Bien que très présente, l'action est simple à comprendre
Dawn of War est un jeu de stratégie en temps réel développé par THQ. C'est un jeu d'apparence complexe mais qui parvient miraculeusement à garder une certaine simplicité. C'est la beauté du titre : malgré le nombre gigantesque (60 +) d'unités différentes, le jeu est toujours facile à saisir. Les marées orques de l'image ci-dessus nous le prouvent : n'importe qui pourrait comprendre ce qui est en train de se passer sans être obligé d'être un expert dans le jeu. La profondeur du titre (son grand nombre d'unités) n'est ici pas un frein à sa simplicité d'accès.
Game of Thrones Genesis : action lisible, mais incompréhensible
Avec son système de multijoueur ambitieux, Cyanide nous promettait un jeu de stratégie en temps réel à la sauce du Trône de Fer. Pour ceux qui ne connaîtraient pas l'œuvre de George RR Martin sur laquelle est basée le jeu, l'action prend place dans un univers médiéval fictif dans lequel les coups bas et les trahisons sont légions.
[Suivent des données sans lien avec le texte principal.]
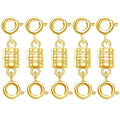 S925 Sterling Silver Magnetic Necklace Clasps and Closures,Magnetic Necklace Clasp for Jewelry Making Supplies (5golden) - color: 5golden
Le multijoueur permet par exemple de faire la capture de bâtiments ennemis par traitrise, mais sans que ce dernier le sache : à un point donné dans le jeu, je ne suis pas sûr de la loyauté de tous mes sujets, et je ne suis pas sûr que la caserne au nord de la carte soit réellement mienne.
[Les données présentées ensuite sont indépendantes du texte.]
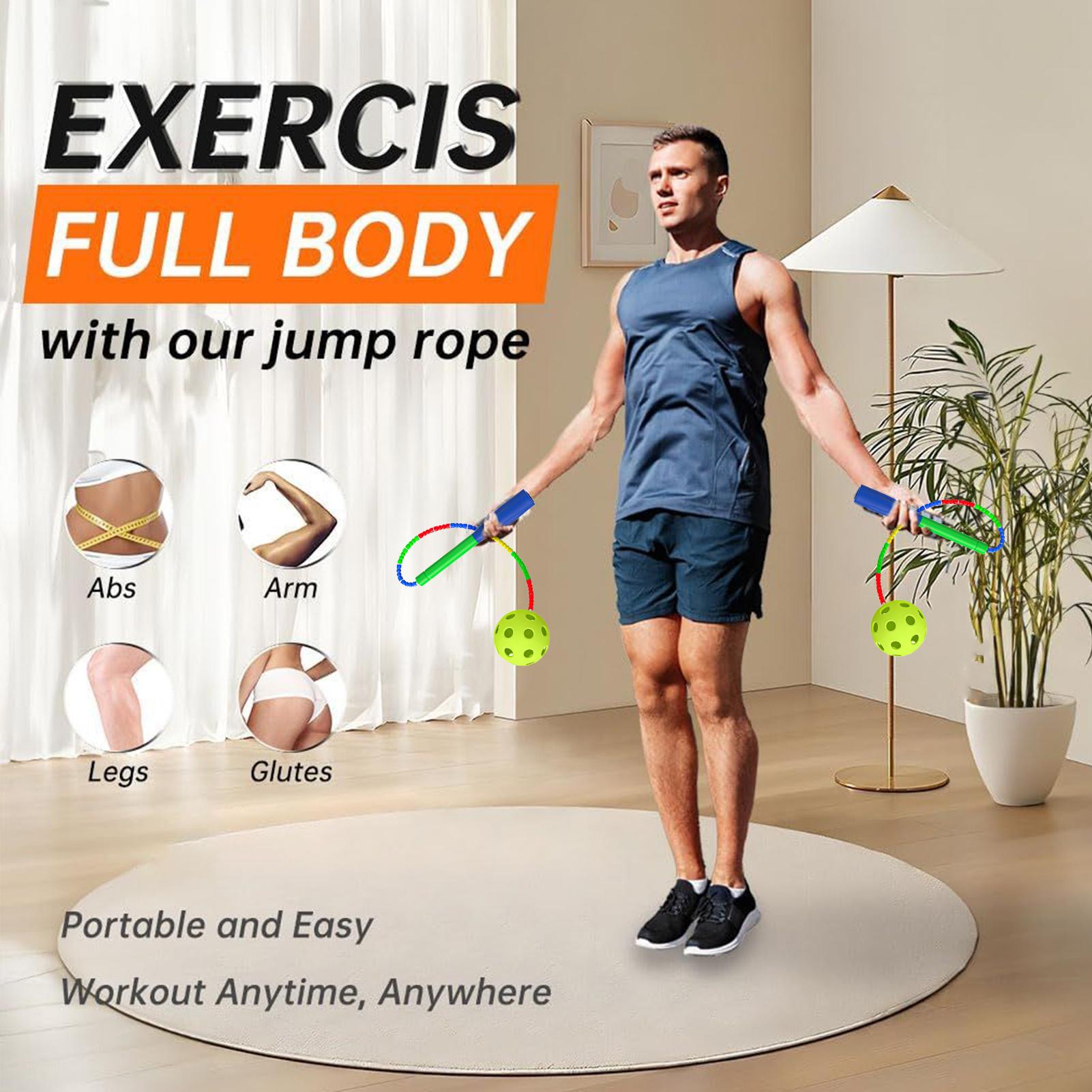Kids Outdoor Gym Equipment - Skakanka z bezprzewodową piłką, sprzęt do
En termes d'eSport, ce système tel qu'il est imaginé et appliqué par Cyanide est absolument impensable. Non pas que l'idée d'origine soit à mon sens mauvaise : le mécanisme de jeu des traîtrises et des coups bas à beaucoup d'intérêt pour le côté suspense de la compétition (voir plus bas). Mais pour une partie multijoueur, le jeu devient trop complexe pour être suivi : l'interface ne permet pas pour un spectateur de clairement comprendre facilement la loyauté de chacun des sujets des deux joueurs. Le gameplay proposé par Cyanide, qui n'est pas inintéressant, devrait être remanié pour pouvoir être applicable en compétitions.